**Input**.
⁂

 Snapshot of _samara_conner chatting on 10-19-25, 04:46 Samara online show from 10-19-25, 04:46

⁂

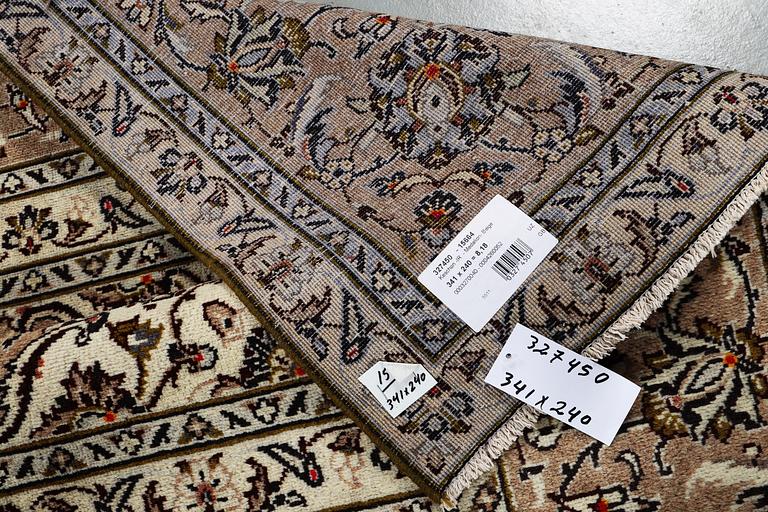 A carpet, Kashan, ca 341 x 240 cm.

⁂

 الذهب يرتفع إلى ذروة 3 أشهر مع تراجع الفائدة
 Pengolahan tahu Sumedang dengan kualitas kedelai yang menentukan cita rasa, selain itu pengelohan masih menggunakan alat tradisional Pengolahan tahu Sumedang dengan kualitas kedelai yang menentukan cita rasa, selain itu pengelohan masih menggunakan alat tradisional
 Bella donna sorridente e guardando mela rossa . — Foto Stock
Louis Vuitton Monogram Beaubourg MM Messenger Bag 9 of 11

⁂

**Aim of the exercise**. The line above containing "alat tradisional Pengolahan", the line containing "Louis Vuitton Monogram", and every line between them are to be transcribed exactly; no other line is wanted.

**Response to this exercise**.
 Pengolahan tahu Sumedang dengan kualitas kedelai yang menentukan cita rasa, selain itu pengelohan masih menggunakan alat tradisional Pengolahan tahu Sumedang dengan kualitas kedelai yang menentukan cita rasa, selain itu pengelohan masih menggunakan alat tradisional
 Bella donna sorridente e guardando mela rossa . — Foto Stock
Louis Vuitton Monogram Beaubourg MM Messenger Bag 9 of 11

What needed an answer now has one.